Saving vs Investing and Job Creation

Everyone knows that saving your money instead of spending it right away is a good thing for your personal finances.  And everyone knows that investing is helpful for the economy at large, and can be for the investor if it goes well.  The folks in the saving and investing business have done their best to try to conflate these two things, and they indeed are related.  But they really aren't the same thing.

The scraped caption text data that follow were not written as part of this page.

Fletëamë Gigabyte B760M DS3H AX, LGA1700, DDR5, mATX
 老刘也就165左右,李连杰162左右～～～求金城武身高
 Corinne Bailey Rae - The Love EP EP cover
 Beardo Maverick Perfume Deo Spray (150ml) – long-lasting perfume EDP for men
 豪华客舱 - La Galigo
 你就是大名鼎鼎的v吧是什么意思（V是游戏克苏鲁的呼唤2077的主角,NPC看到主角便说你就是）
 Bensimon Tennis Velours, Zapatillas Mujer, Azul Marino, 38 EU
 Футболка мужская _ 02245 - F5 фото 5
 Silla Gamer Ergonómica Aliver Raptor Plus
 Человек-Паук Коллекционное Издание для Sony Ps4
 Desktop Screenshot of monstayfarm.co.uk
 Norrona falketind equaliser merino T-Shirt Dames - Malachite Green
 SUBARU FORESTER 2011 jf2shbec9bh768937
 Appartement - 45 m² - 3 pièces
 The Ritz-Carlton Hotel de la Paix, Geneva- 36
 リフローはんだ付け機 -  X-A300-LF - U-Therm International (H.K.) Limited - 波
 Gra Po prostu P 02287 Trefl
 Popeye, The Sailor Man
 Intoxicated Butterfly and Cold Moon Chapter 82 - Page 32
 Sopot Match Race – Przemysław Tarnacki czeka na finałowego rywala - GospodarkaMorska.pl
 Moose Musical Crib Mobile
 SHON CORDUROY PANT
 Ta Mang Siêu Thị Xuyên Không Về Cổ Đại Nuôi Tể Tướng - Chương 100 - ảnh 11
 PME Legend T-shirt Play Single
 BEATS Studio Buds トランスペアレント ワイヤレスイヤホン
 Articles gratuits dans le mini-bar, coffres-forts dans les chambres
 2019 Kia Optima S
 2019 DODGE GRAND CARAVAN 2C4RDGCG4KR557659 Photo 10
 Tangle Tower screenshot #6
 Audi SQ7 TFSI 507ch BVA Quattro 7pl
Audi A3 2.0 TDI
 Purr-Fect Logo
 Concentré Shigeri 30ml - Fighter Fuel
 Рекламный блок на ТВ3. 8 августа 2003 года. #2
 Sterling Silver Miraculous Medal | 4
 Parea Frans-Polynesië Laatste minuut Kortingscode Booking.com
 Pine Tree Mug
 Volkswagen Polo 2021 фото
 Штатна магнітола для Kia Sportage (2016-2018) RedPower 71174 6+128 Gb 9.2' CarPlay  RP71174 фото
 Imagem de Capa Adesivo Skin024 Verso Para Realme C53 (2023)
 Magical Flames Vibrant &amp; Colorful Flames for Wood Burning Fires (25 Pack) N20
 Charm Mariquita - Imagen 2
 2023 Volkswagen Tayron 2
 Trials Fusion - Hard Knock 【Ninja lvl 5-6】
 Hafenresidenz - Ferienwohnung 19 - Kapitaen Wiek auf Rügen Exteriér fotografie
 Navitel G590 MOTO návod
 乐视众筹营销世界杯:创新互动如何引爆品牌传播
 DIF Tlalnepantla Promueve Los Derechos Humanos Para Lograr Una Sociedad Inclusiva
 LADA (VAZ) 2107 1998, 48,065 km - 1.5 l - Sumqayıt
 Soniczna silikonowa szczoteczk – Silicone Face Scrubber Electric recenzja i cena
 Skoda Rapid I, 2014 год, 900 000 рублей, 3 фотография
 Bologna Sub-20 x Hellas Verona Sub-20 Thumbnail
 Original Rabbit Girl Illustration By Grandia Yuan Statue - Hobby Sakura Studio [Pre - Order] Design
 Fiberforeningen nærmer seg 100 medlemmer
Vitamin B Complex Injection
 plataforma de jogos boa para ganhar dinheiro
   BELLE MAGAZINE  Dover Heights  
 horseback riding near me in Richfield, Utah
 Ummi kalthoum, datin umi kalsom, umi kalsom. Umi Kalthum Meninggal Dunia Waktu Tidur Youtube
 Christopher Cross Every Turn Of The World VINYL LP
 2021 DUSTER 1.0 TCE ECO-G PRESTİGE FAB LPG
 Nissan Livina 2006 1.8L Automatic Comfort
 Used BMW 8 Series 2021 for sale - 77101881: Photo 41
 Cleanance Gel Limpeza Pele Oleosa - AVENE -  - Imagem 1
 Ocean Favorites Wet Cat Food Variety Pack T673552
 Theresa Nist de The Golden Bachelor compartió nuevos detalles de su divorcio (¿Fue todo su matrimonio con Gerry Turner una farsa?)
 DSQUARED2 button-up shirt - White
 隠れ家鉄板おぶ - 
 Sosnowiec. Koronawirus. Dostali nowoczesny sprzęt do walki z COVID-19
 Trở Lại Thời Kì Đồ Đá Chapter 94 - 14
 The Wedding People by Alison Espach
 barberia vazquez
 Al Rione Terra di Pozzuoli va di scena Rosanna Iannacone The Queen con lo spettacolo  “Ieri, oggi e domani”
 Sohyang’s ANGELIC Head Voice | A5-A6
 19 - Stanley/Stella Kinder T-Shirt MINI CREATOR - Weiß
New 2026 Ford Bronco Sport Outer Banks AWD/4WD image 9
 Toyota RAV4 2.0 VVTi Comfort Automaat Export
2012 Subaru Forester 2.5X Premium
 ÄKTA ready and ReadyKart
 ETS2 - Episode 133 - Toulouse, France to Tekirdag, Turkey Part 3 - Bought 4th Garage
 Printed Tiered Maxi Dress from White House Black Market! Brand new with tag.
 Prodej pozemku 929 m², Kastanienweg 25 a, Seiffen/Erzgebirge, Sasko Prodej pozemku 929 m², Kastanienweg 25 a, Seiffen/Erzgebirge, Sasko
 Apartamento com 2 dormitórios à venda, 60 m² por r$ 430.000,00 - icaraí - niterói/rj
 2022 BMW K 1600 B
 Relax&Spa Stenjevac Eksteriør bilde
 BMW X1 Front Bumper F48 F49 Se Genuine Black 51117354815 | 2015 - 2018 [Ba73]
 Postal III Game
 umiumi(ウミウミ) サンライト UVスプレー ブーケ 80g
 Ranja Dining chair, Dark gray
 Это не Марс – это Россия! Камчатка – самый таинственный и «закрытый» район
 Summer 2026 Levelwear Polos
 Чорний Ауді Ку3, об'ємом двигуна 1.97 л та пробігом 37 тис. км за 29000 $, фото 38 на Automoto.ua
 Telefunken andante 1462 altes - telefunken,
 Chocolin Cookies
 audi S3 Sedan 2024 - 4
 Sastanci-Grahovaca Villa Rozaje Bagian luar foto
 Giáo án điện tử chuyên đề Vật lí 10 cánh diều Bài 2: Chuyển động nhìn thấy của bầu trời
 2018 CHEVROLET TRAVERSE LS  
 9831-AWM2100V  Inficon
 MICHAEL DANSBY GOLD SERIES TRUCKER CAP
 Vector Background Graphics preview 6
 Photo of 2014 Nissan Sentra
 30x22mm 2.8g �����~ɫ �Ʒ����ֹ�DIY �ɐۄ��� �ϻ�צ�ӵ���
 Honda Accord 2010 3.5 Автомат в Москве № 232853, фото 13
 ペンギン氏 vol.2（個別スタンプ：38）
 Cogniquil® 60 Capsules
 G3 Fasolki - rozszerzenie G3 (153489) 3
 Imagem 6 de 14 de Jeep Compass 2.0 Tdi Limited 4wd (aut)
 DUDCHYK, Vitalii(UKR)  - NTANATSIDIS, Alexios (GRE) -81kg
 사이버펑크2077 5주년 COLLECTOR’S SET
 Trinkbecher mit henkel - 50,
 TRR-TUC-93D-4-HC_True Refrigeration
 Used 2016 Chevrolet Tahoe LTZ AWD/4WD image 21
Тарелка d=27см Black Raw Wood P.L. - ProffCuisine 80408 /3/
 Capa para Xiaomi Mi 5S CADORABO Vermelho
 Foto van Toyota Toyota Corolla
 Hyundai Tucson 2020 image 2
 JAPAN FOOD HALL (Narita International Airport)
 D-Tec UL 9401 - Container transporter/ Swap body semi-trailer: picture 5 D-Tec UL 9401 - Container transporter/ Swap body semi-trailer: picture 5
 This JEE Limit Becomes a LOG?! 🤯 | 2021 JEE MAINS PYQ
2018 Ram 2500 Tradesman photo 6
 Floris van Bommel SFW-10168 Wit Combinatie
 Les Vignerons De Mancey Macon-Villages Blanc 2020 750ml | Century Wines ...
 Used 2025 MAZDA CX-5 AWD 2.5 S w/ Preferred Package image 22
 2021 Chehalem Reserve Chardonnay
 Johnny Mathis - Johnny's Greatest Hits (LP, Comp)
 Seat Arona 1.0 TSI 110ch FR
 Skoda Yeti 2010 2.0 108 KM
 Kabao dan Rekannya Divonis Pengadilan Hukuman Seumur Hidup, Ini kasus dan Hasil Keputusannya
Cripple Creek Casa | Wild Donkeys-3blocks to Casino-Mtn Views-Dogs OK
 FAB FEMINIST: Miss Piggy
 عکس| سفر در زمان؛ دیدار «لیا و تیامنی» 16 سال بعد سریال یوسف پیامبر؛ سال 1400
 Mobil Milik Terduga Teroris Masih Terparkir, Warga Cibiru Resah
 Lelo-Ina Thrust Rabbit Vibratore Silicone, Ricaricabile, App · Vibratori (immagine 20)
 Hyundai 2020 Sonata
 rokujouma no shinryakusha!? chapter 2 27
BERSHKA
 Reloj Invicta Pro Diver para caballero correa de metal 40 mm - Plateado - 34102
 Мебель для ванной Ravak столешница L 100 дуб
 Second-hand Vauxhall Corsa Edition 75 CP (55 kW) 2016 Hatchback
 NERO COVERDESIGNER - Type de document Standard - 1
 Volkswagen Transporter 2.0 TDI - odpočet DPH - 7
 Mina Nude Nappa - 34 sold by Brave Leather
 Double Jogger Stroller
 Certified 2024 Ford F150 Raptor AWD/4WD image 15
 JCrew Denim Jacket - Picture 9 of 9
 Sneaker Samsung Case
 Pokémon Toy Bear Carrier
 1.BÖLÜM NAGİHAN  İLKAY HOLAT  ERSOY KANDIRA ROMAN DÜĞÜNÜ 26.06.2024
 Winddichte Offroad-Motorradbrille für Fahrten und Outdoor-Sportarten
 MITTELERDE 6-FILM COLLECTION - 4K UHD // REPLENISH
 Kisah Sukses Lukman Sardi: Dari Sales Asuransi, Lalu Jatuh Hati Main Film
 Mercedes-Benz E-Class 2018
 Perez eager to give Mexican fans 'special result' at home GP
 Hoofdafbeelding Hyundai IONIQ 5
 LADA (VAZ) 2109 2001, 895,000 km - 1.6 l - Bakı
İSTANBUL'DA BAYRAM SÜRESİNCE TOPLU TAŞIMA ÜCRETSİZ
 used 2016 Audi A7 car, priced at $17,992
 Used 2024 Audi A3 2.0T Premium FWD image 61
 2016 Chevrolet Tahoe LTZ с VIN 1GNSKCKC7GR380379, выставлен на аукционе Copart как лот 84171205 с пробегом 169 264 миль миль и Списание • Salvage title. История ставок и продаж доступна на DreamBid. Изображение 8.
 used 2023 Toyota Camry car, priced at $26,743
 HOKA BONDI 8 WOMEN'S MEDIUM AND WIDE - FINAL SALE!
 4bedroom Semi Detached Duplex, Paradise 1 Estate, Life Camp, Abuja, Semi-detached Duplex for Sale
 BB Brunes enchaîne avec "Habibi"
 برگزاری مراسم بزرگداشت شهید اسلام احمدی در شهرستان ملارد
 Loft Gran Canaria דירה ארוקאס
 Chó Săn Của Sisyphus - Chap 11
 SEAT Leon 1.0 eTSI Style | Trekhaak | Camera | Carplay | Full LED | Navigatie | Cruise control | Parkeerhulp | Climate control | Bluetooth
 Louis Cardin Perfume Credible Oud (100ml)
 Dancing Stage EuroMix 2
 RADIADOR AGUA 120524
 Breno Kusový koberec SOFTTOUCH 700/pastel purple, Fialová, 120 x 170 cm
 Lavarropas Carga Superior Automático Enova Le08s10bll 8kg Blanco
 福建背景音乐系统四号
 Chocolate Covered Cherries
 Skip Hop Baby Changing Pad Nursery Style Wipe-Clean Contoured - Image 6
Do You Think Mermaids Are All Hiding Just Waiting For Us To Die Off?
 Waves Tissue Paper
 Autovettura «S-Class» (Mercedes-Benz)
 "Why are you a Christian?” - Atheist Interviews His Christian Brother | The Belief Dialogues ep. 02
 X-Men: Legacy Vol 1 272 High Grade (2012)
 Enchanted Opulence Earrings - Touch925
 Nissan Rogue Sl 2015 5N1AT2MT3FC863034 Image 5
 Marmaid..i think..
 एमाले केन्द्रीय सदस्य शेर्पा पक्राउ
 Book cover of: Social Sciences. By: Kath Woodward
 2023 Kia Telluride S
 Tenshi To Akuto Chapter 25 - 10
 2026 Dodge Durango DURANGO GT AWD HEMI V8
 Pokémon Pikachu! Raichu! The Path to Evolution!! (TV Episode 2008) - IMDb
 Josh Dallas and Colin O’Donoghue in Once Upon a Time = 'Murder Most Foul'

50 years ago, one type of bank, a Savings and Loan, took deposits from customers and gave them interest--usually about 5%.   They also made small loans, mostly home mortgages.  These also charged around 5% interest.    The interest rates didn't really need to balance out over the short term; what needed to balance were debits (demands from depositors, new loans, taxes, wages and so forth) and credits (mostly payments from borrowers).  If the interest the S&L was paying was much over the interest they were receiving for long, they'd probably have a shortfall.  But they can make the balance work by getting more deposits, and paying higher interest rates would help with that.  Bank inspectors would make sure the the accounting was all correct and that the bank kept a large enough reserve, as there is a huge temptation to fraudulently cut it too close to the edge, and a small, unexpected demand could trigger a bank run and the need for FDIC intervention.

Deposits with an S&L are investment of a sort, which has consequences on job creation.  Home loans promote construction, and all the folks involved get jobs: carpenters, painters, roofers, plumbers, electricians, insurers, appliance businesses, etc.  Sales of new homes do a lot of job creation.  Sales of used homes do less: there's little construction, although there probably are appliance people, painters, movers and others to be paid.  It also creates a downstream market for new homes.

Stocks and bonds are the same sort of thing: they promote the creation of new businesses (nominally, an Initial Public Offering).  But the subsequent market is handled differently.  New businesses are much riskier.  Individual "borrowers" are singled out and "depositors" select which ones they wish to invest in.  Return is a function of how well the business goes.  There are ways to pool these things, called "Mutual Funds".  Investing in the stock market is not really "saving", although a diversified portfolio over a long period amounts to the same thing.  There's also a similarity as far as jobs created:  IPOs create a lot of jobs, and commercial bonds often do too, but the day to day trading of these things creates no jobs, except for the brokers.  The main job creation from day to day trading is that it's a downstream market for the IPOs.

When choosing where to put your savings, it's important to recognize the difference between investing in job creation, and simply pushing money around.  Unless you're actually buying initial offerings of stocks or bonds, you're doing the latter.